Walden: I haven’t done the calculations, but my feeling is that the contribution of friction would be minute. Virtually all the thermal energy is coming in from the outside of the container; by creating rapid agitation, we’ve turned the container into a heat exchanger. Instead of flowing product by the wall, you’re stirring it away and getting cold product against the wall. The whole product comes up evenly. Each particle of the product is getting the minimum amount of heat needed to sterilize it. And just as heating is very efficient, cool-down is efficient, as well. Agitating the product against a cold outside wall takes away heat very quickly.
FE: Is reciprocal motion more appropriate for some products?
Walden: It’s really aimed at conduction products, the more viscous foods that don’t move in a static retort and take a long time to cook. With thin products, convection currents are generated even without agitation. Waves are created as heat from the bottom rises and falls down along the interior walls of the container. The process is relatively quick, which moderates the benefits of rapid agitation.
FE: Does reversing the momentum of the basket pose a mechanical challenge for reciprocal agitation?
Walden: The force isn’t that great. The stroke is about 6 inches and at most we get up to 150 RPMs, which generates just over 3 Gs. If the retort basket is half a ton, the force is 1.5 tons. You don’t need anything huge to restrain the loads.
FE: Still, a back-and-forth cycle every 0.4 seconds is significant. Is servo technology necessary to control it?
Walden: Servos, hydraulics, loads and loads of ways are available for doing it. Our licensing partners could come up with all sorts of solutions. You can sketch up all sorts of good, bad and indifferent ways to drive the baskets back and forth. We probably came up with 50 in a couple of hours in the lab before settling on a mechanical approach.
FE: How does the lab-scale system agitate the load?
Walden: It’s really just a crankshaft and slider mechanism that rotates, with a cam rod that goes through. Victorian engineering, I call it. It’s a very simple mechanical approach; you just have to make the mechanical bits strong enough.
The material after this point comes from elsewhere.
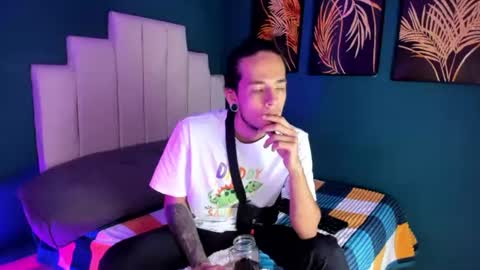Snapshot of skinny_mac_ chatting on 06-15-26, 01:46 Mac online show from 06-15-26, 01:46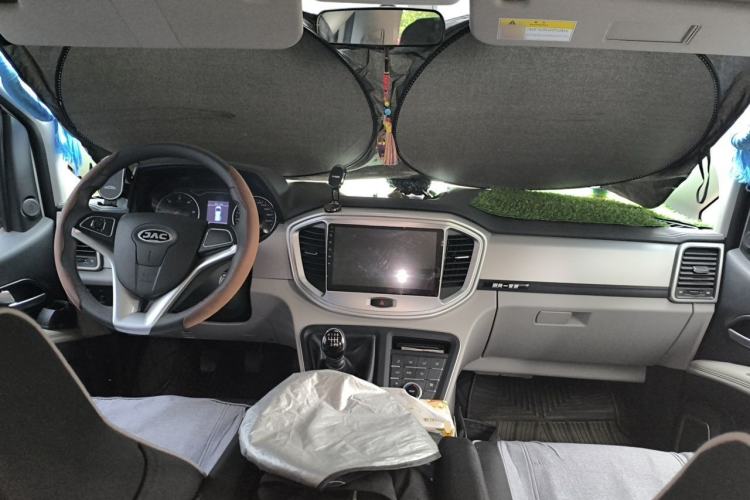 Used JAC Refine M4 2022 2.0 CTI Diesel Manual Jingrui Model Center Console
Our German licensee, Satori Stocktec, used a similar approach for the one-basket retort displayed at Anuga FoodTec. Throughput on that machine would be similar to a five-basket rotary or eight-basket static retort. Satori’s unit could output four, five, six baskets an hour, with 400 cans per basket. A two-basket machine would be a production-sized machine.
FE: Rapid product loading and unloading must be critical for optimizing system performance.
Walden: Yes, and our licensing partners are bringing that to the party. There’s not much value in reducing processing time to 10 minutes if it takes 15 minutes to load and unload the retort. Because the process is so short, you need to be able to do that quickly. We’re dependent on the equipment integrators to develop robotic or mechanical solutions. We have three licensees to give the processors of the world a choice of suppliers, but we won’t have more than four. They have to have an incentive to develop the systems around this technology. If you license everybody, development doesn’t occur.
FE: Process validation is an issue for US aseptic approval. What regulatory barriers exist for reciprocal retort?
Walden: FDA tells us they do not regard this as a novel process. Validation requirements are going to be the same as with a conventional retort and will parallel the procedure for a rotary retort. Controlling head space and the viscosity of the product going into the container are critical, which obviously applies to rotary units, as well.
The controls system is no more complicated than with a normal retort. PLCs and existing control technology will be fine for monitoring crank rotation.
FE: Will plastic pouches and other non-metallic containers withstand the force of reciprocating motion?
Walden: We’ve done glass jars and plastic bowls with steam-air mix to deliver overpressure. Plastic has some impact on processing time, though not much; glass is a worse conductor of heat. But pouches are very thin, perhaps 0.003 inches thick, so there isn’t much impediment to heat transfer.